Task to complete:
Retype, without changes, every line from the line that contains "Green and Orange Two Tone Seed Beads" through the final line of the records. Exclude pictures.

____

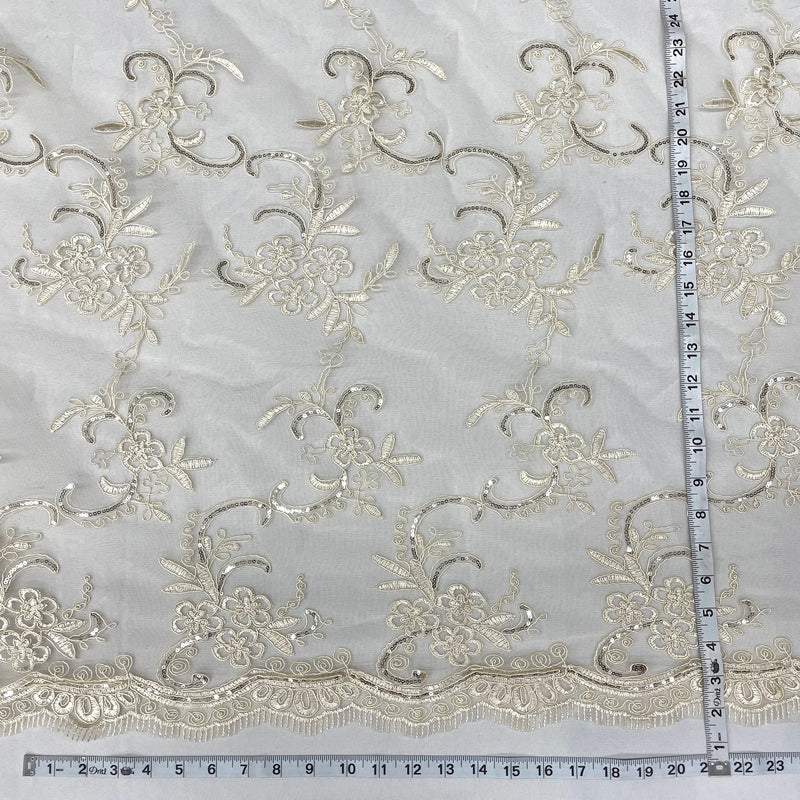 Sequined & Corded Lace Fabric Embroidered on 100% Polyester Net Mesh | Lace USA - GD-09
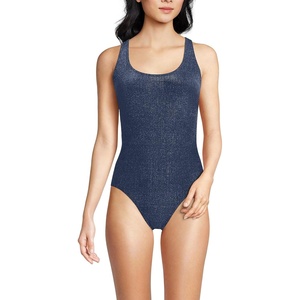 image:imageLands End Womens XBack Tugless SwimsuitDeep Sea Navy Shine
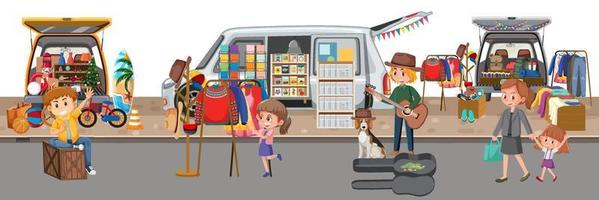 Flea market scene in cartoon style vector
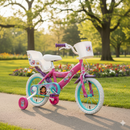 Bicicletta Bambina 14 Pollici con Rotelle Cestino e Portabambola Gabby's Dollhouse Rosa e Viola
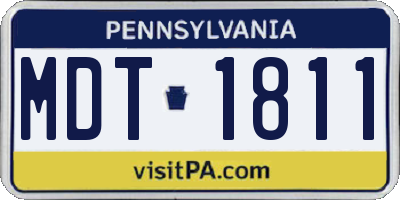 PA license plate MDT1811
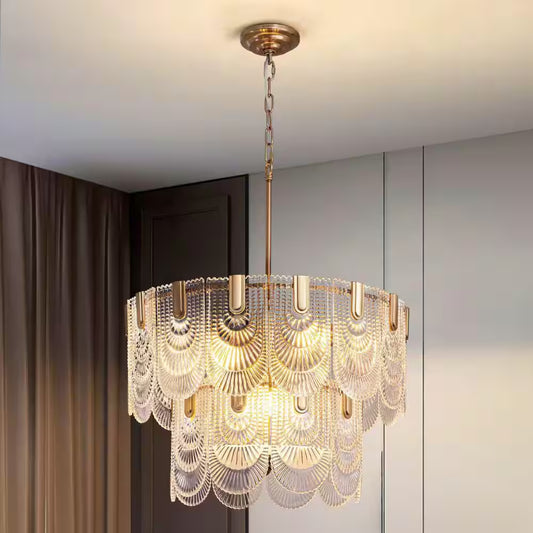 24 In. 9-Light Glass Modern Gold Chandelier for Dining Room and Living Room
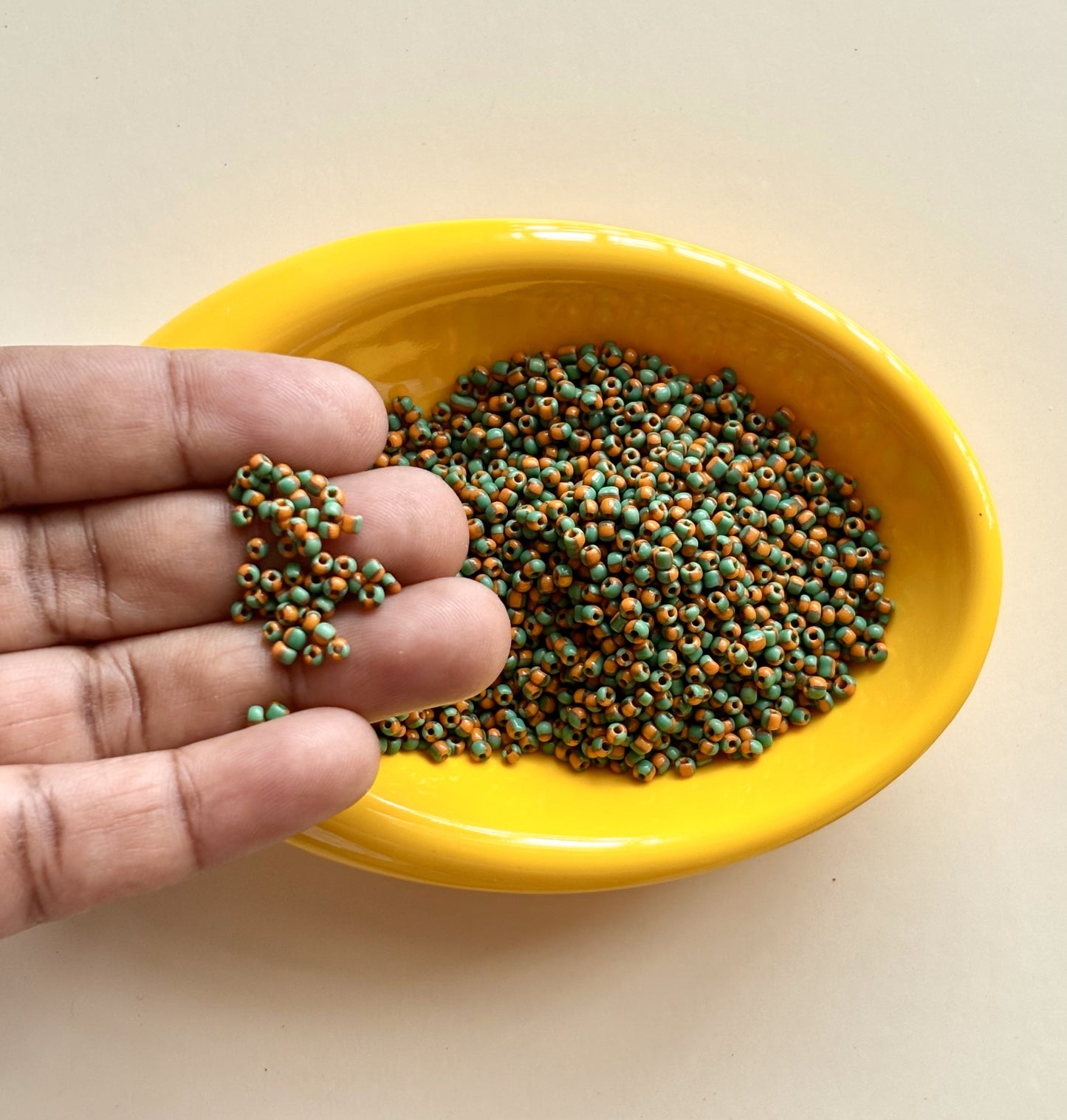 Green and Orange Two Tone Seed Beads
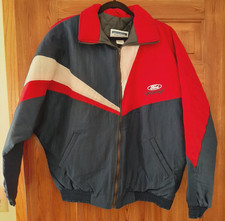 MINT 90s Style Ford Racing Puffer Jacket Mens XL Red White Navy Coat Made in USA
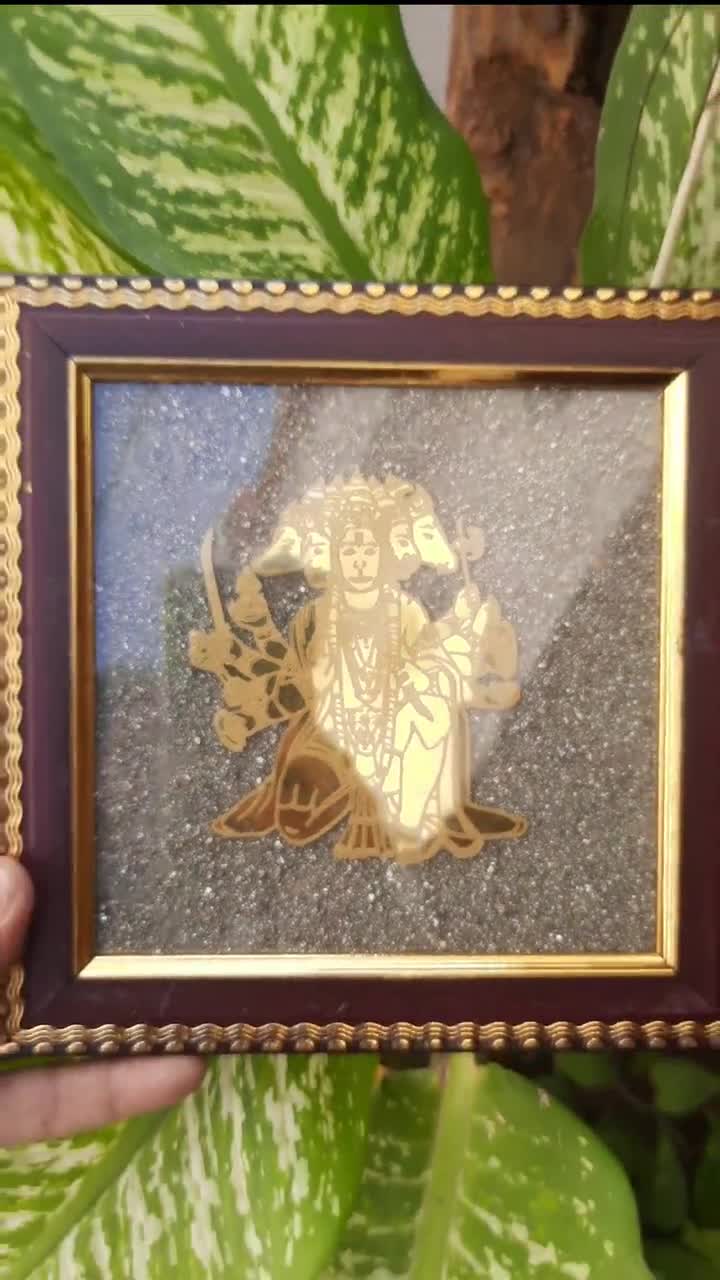Natural Pyrite Dust Frame Panchmukhi Hanuman Ji:divineenergy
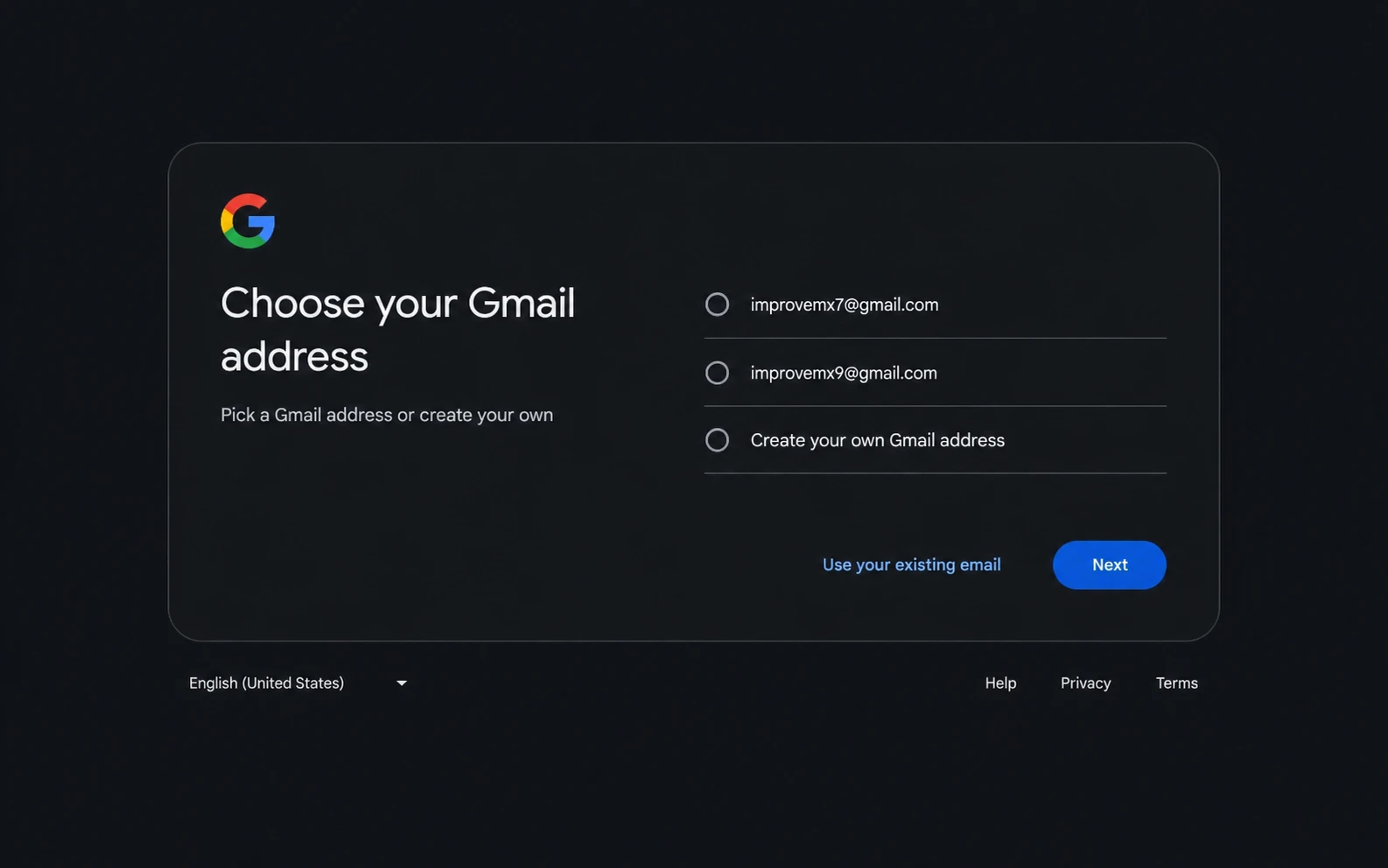 Use your existing email option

____

Solution:
 Green and Orange Two Tone Seed Beads
 MINT 90s Style Ford Racing Puffer Jacket Mens XL Red White Navy Coat Made in USA
Natural Pyrite Dust Frame Panchmukhi Hanuman Ji:divineenergy
 Use your existing email option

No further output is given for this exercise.